Top of Given entries

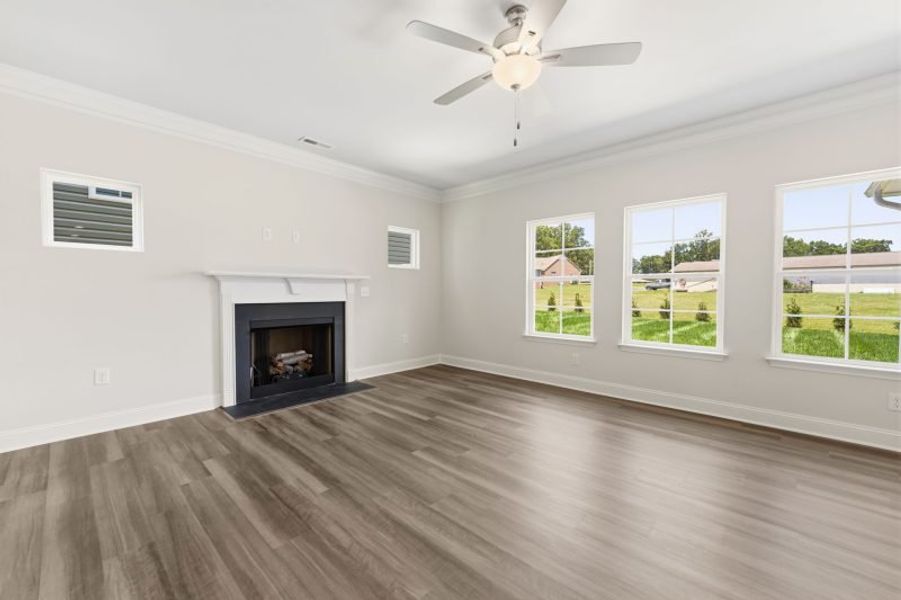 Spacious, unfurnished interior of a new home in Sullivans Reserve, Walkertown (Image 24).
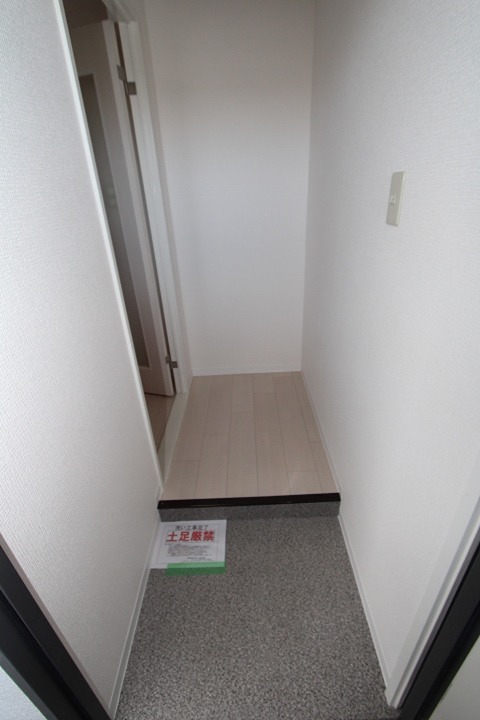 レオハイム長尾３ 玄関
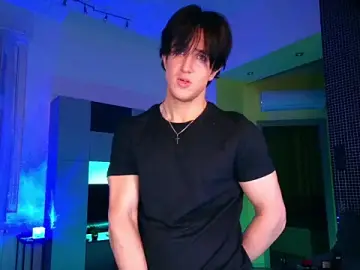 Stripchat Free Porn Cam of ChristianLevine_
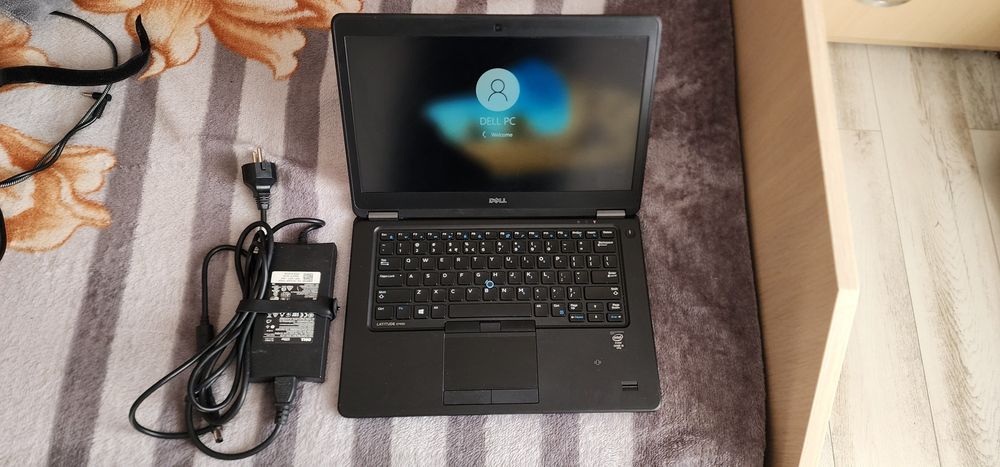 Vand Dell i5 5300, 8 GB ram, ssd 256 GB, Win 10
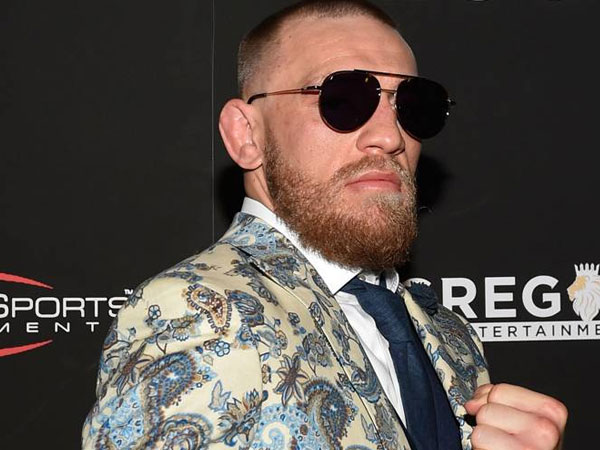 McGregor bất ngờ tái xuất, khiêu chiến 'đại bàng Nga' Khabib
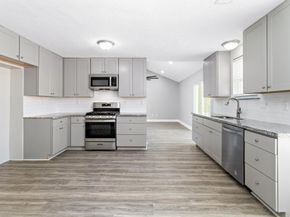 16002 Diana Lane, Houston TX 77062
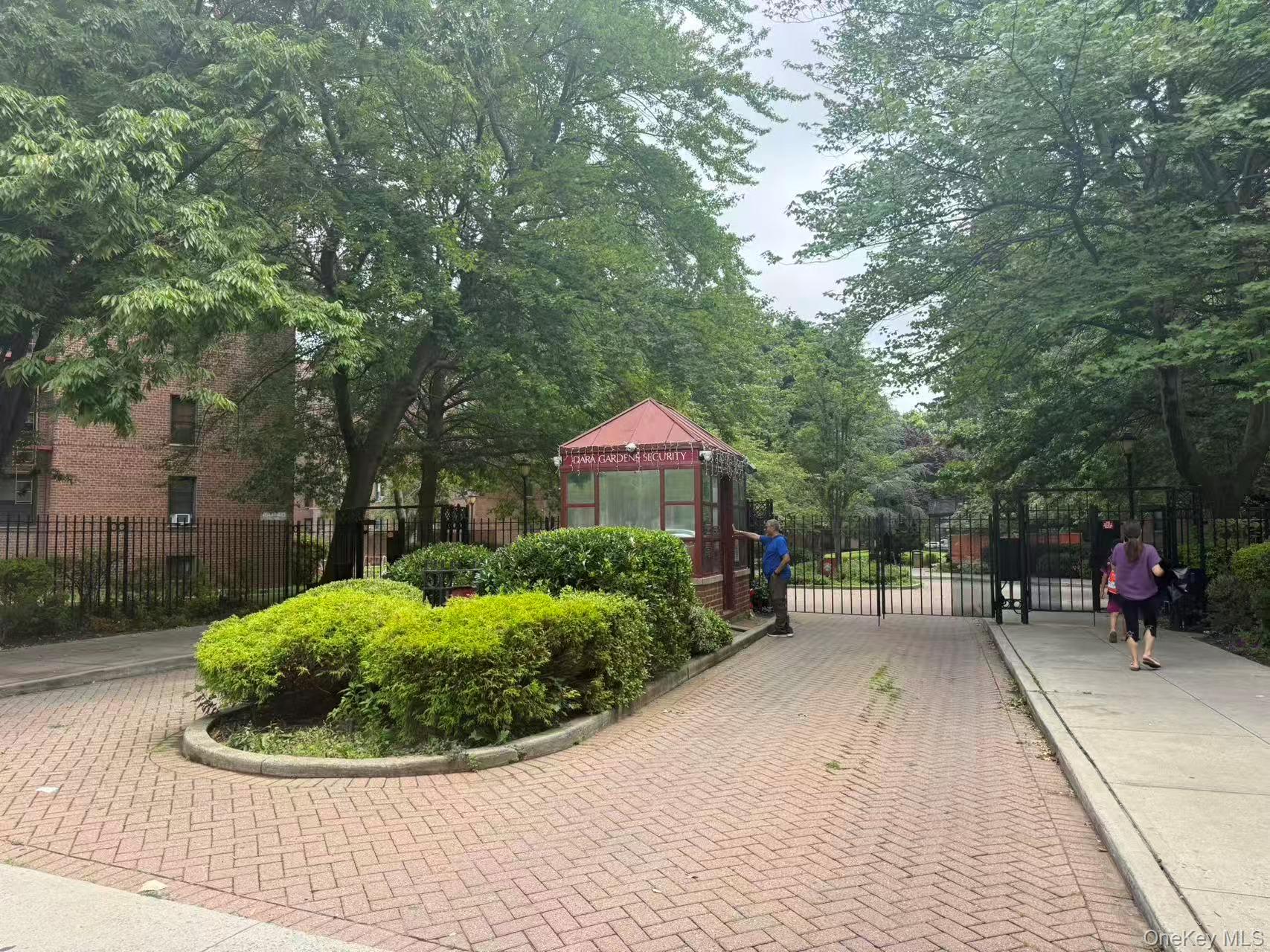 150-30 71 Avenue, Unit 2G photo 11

Bottom of Given entries

Could the listing above be transcribed exactly, with the pictures left out?

■ Expected answer ■
 Spacious, unfurnished interior of a new home in Sullivans Reserve, Walkertown (Image 24).
 レオハイム長尾３ 玄関
 Stripchat Free Porn Cam of ChristianLevine_
 Vand Dell i5 5300, 8 GB ram, ssd 256 GB, Win 10
 McGregor bất ngờ tái xuất, khiêu chiến 'đại bàng Nga' Khabib
 16002 Diana Lane, Houston TX 77062
 150-30 71 Avenue, Unit 2G photo 11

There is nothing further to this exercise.